Baca berita tanpa iklan. Gabung Kompas.com+

Kata Kepala BRG soal Masa Tugasnya Berakhir pada 31 Desember 2020

Kompas.com - 05/09/2020, 08:18 WIB
Suwandi,
Teuku Muhammad Valdy Arief

Tim Redaksi

JAMBI, KOMPAS.com - Kepala Badan Restorasi Gambut (BRG) Nazir Foead mengklaim Presiden Joko Widodo telah memberi perintah agar kewenangannya merestorasi gambut tetap berlanjut.

Meskipun dalam peraturan presiden (Perpres) Nomor 1 Tahun 2016, masa kerja BRG hanya berlaku sampai 31 Desember 2020.

"Sesuai perintah presiden kita tetap lanjut merestorasi gambut," kata Nazir saat memantau pemasangan sekat kanal di Tahura Orang Kayo Hitam (OKH), Jumat (4/9/2020).

Baca juga: Wacana Pembubaran BRG, Walhi: Pencegahan Kerusakan Ekosistem Harus Dilanjutkan

Pemulihan kerusakan gambut belum berakhir. Sebab pada beberapa titik di Jambi, masih terjadi kebakaran berulang.

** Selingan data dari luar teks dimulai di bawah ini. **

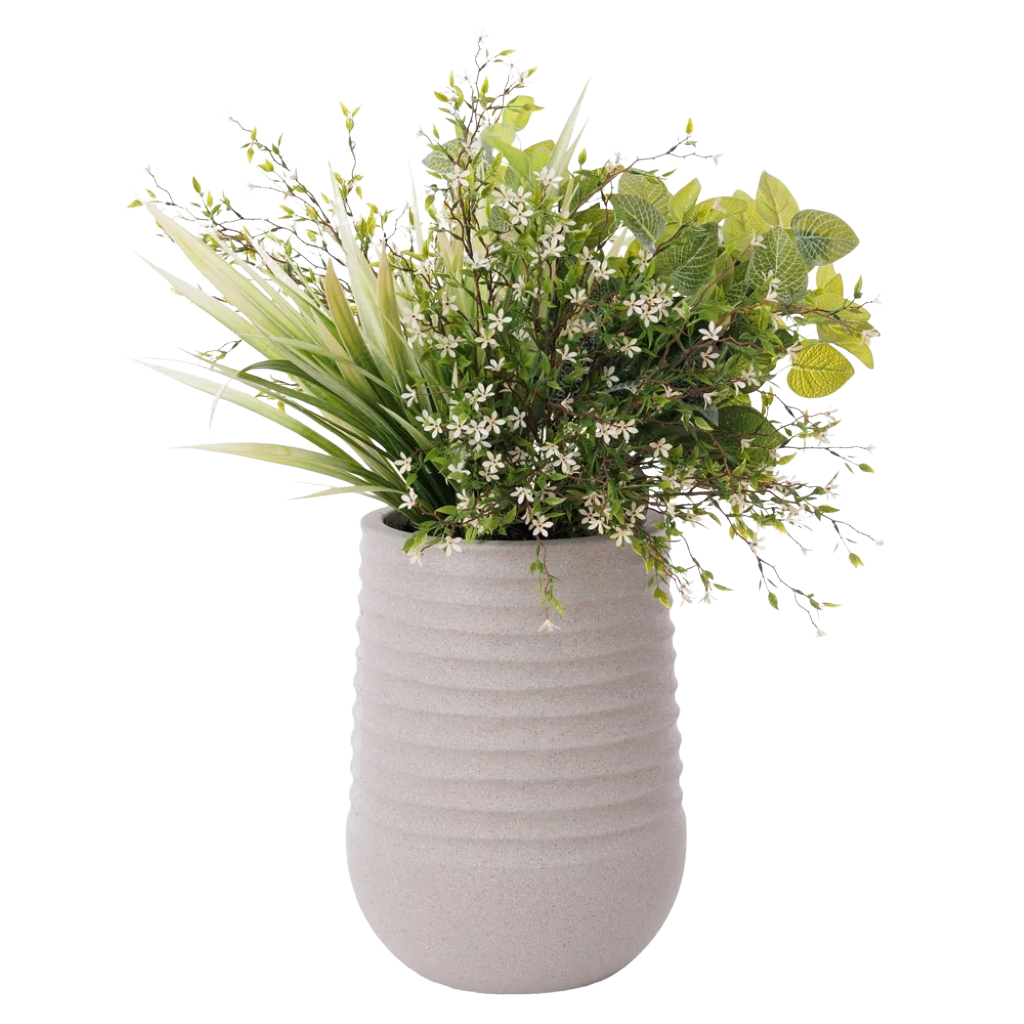 Outdoor Flower Arrangement in Grey Terrazzo Beige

Dia mencontohkan Tahura OKH pada 2015 terbakar dan 2019 lalu juga terbakar.

Hasil pantauan lapangan, setelah kebakaran tahun lalu, ratusan hektar belum pulih.

Tahura OKH diapit dua perusahaan perkebunan PT Wahana Seponjen Indah (WSI) dan PT Bukit Bintang Sawit (BBS).

Untuk itu, BRG telah melakukan terobosan dengan membangun sekat kanal permanen dan memasang kamera CCTV di tiga titik Tahura Orang Kayo Hitam, Hutan Lindung Air Hitam Laut dan Hutan Lindung Londrang.

"Kanal permanen akan membuat tingkat kebasahan lahan gambut menjadi optimal. Sedangkan CCTV dapat memantau lahan dari kebakaran seluas 5.000 hektar," kata Nazir.

Baca juga: Walhi: Pembubaran BRG Harus Didasarkan pada Evaluasi Kinerja

Dia berharap agar restorasi optimal, dibutuhkan koordinasi secara komprehensif dari semua pihak, untuk menjaga lahan gambut.

Dalam menjaga lansekap kawasan hidrologi gambut (KHG) agar tetap basah, harus satu-kesatuan, baik yang ditangani perusahaan maupun BRG.

Dengan demikian, infrastruktur pembasahan harus dipasang dengan baik oleh perusahaan. Jangan sampai tidak sesuai aturan.

"Kita sudah melakukan supervisi terhadap perusahaan. Kalau ada yang belum sesuai aturan, kita belum memiliki kewenangan untuk menertibkan atau memberi sanksi," kata Nazir menegaskan.


Tambah Kewenangan BRG

Direktur Walhi Jambi, Rudiansyah mengatakan kewenangan BRG harus ditambah, untuk mengintervensi kerja-kerja perusahaan yang berizin dalam merestorasi gambut.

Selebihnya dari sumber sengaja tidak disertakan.